Avrupa Tarihi

Reform Nedir? Reform Hareketleri Nedenleri ve Sonuçları

Reform, sözlük anlamı düzeltme, ıslahat olan aynı zamanda 15. ve 17. yüzyıllarda olmuş Hristiyanlık hareketlerine denir. Bu hareketler Katolik Kilisesi’nde ortaya çıkan yeniden düzenleme ve yapılandırma hareketleridir. İlk olarak Almanya’da gözlemlenen bu hareketleri aynı zamanda tarih sahnesinde Rönesans olarak da görebiliyoruz.

Reform Nedir?

Reform’un kelime anlamı düzenlemek ve geliştirmek anlamına gelir. Reform Türkçe’ye Fransızca dilinden geçmiştir. Reform kelimesinin tarih sayfalarında ilk belirişi 1932 senesindedir. Reform kelimesinin daha öncesinde kullanılmamasının sebebinin kullanılacağı bir alan veya gerekliliği duyulmamış olabilir. Daha öncesinde bu kavramın olup olmadığına dair yaşayan bir kanıt olmadığından sadece yazılı kayıtlara bakılmaktadır ve 1932 de kayıtlara geçen Reform kelimesinin kullanıldığı en eski kaynaktır. Tarih akademisyenleri Reform kelimesinin bu ve bunun gibi yazılı kaynaklardan öncesinde de kullanılmış olabileceğini düşünüyor. Buna ilk insanları da örnek verebiliriz. Mağara duvarlarında resimlerini veya kafataslarını bulduğumuz insanlardan önce belki yaşamış insanlar veya benzer türler olabilir fakat biz o zamana dair sadece fikir yürütüp tahminler yapabiliyoruz.

Reform Hareketleri

Avrupa’nın orta çağ boyunca gelişememesinin pek çok nedeni olmuştur. Bu nedenlerin başını çeken sorun din aracılığıyla olduğu da verilen örneklerde açıkça görülebilir. Din, insanların kendi iç dünyalarında yaşadığı, metafizik kavramlarla ilgili kendi yorumlamalarını yaptığı bir aktivite olmalıyken orta çağda bir yönetim biçimi ve bir yaşam standardı olarak kullanılmaya çalışılmıştır. Bu derece kanıtları bulunamayan ve yoruma açık bir kavram yerine, içeriği evrensel olan ve kanıtlara dayandığı için anlaşılma ve kabullenilme konusunda sorun çıkarmayan bilimin yoluna geçilmesi ise sonunda gerçekleşmeye başlamıştır. Bu geçiş dönemi ise Rönesans ve Reform hareketleri olmuştur.

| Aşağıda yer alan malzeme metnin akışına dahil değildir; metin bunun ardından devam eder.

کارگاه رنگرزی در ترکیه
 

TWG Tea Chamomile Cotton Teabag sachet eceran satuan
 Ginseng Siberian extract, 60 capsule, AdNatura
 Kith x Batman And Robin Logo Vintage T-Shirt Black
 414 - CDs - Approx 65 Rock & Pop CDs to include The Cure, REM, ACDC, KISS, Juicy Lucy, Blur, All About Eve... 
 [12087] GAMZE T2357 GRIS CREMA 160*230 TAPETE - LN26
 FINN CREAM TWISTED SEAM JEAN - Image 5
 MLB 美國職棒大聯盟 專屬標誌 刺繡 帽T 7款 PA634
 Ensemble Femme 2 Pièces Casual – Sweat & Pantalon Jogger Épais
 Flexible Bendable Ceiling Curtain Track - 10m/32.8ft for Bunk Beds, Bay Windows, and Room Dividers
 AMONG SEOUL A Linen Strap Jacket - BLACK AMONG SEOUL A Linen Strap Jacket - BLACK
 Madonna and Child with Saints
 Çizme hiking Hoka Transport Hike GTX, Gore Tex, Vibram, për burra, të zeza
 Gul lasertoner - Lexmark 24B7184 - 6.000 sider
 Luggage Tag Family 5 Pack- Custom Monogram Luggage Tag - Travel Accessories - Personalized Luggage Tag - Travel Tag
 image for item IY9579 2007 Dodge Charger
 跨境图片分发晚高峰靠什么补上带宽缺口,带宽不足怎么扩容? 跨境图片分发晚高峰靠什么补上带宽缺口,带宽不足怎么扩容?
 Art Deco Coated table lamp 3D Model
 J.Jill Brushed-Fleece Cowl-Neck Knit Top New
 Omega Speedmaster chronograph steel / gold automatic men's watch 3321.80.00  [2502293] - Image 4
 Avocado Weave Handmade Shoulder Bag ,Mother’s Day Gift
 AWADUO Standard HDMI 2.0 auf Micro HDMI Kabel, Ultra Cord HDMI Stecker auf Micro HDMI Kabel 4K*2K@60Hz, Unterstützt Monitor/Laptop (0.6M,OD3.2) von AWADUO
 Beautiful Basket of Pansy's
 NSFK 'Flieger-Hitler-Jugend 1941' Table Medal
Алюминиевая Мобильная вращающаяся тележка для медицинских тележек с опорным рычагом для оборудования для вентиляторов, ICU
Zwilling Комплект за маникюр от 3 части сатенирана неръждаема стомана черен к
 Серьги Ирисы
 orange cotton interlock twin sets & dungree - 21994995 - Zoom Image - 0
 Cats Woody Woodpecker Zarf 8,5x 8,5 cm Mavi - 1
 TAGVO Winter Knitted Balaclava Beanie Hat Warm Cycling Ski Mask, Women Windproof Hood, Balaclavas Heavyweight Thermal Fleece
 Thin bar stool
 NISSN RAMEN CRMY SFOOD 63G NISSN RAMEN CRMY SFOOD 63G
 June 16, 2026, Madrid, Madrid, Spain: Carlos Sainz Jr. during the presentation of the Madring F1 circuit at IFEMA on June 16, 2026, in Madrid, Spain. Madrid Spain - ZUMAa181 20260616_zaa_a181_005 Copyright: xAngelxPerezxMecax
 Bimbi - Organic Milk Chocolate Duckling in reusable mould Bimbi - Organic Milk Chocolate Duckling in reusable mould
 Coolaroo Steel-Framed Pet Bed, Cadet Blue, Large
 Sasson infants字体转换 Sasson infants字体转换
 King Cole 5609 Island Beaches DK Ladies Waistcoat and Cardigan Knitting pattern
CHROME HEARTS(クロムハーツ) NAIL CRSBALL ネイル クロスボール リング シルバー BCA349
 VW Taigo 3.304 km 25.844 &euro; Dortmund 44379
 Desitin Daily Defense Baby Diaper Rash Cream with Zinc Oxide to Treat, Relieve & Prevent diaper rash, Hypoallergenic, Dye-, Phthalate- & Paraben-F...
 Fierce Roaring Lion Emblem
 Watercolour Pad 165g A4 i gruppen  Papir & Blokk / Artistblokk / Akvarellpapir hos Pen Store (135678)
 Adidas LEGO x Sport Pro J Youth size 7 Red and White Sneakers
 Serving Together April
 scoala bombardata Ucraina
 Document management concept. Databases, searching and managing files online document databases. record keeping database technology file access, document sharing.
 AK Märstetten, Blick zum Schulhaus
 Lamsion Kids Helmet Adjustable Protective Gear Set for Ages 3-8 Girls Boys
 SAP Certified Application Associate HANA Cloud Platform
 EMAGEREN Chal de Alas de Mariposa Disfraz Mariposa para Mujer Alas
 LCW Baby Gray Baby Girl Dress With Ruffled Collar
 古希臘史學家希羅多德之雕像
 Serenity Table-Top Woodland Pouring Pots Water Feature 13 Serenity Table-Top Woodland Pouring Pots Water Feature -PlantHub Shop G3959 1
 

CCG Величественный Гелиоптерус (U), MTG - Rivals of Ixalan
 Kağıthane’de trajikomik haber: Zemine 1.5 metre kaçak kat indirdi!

Avrupa’nın makalenin başında belirtildiği gibi gelişmiş bir konuma gelmesi, sancılı bir süreç olmuştur. Bu dönüşüm sürecini başlatan kişi Martin Luther olmuştur. Cermen kökenli teolog ve filozof olan Martin Luther, sefalet içinde olan ve kilisenin dayattığı ağır vergiler nedeniyle adeta sürünen Almanya’da yaşamıştır. Ancak Hristiyanlığın başkenti olarak sayılan Roma’ya gerçekleştirdiği bir gezi sırasında Luther, Papa ve çevresindekilerin ne kadar huzur, zevk ve refah içinde yaşadığını görünce gerçekleri anlamıştır. Kilise, halkı çeşitli hurafelerle kandırmakta ve bu şekilde ekonomik kaynaklarını sağlamaktadır. Önceden kiliseyi protesto edenler afaroz edilerek yakılırken artık bu protestocular, halkın da durumun farkına varmasıyla güç kazanmıştır. Luther’in harekete geçmesine neden olan son olay ise, bir rahibin Almanya’da Endüljans belgeleri satmaya çalışmasıyla olmuştur. 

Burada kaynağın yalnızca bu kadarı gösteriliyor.